+++ Extracted records

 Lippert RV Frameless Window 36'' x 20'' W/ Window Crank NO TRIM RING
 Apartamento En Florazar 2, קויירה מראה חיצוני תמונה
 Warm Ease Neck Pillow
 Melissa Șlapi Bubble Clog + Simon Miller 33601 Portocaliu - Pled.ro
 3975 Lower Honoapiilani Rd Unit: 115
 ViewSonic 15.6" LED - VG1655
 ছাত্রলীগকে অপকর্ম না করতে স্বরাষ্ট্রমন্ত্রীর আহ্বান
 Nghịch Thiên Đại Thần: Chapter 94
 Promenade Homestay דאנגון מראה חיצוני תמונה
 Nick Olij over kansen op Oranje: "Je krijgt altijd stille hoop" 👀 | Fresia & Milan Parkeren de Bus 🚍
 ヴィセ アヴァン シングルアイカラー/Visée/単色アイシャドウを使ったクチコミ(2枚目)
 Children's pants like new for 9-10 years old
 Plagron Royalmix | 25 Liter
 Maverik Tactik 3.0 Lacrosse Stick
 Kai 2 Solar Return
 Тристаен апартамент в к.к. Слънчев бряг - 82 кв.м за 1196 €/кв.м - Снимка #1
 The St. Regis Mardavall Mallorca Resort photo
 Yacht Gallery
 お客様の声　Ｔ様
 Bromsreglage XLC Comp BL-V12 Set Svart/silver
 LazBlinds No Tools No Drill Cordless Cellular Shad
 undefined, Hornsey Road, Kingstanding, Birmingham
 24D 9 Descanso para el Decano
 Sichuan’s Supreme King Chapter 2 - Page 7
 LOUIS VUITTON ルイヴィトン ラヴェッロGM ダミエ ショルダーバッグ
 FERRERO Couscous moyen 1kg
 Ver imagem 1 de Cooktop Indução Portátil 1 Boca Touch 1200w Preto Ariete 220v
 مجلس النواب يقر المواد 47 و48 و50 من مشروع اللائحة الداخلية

++++++

> _Exercise details_
Nothing but the lines from the one containing "The St. Regis" through the last line of the data above should be given again, each exactly as it stands.

> _Result of the exercise_
 The St. Regis Mardavall Mallorca Resort photo
 Yacht Gallery
 お客様の声　Ｔ様
 Bromsreglage XLC Comp BL-V12 Set Svart/silver
 LazBlinds No Tools No Drill Cordless Cellular Shad
 undefined, Hornsey Road, Kingstanding, Birmingham
 24D 9 Descanso para el Decano
 Sichuan’s Supreme King Chapter 2 - Page 7
 LOUIS VUITTON ルイヴィトン ラヴェッロGM ダミエ ショルダーバッグ
 FERRERO Couscous moyen 1kg
 Ver imagem 1 de Cooktop Indução Portátil 1 Boca Touch 1200w Preto Ariete 220v
 مجلس النواب يقر المواد 47 و48 و50 من مشروع اللائحة الداخلية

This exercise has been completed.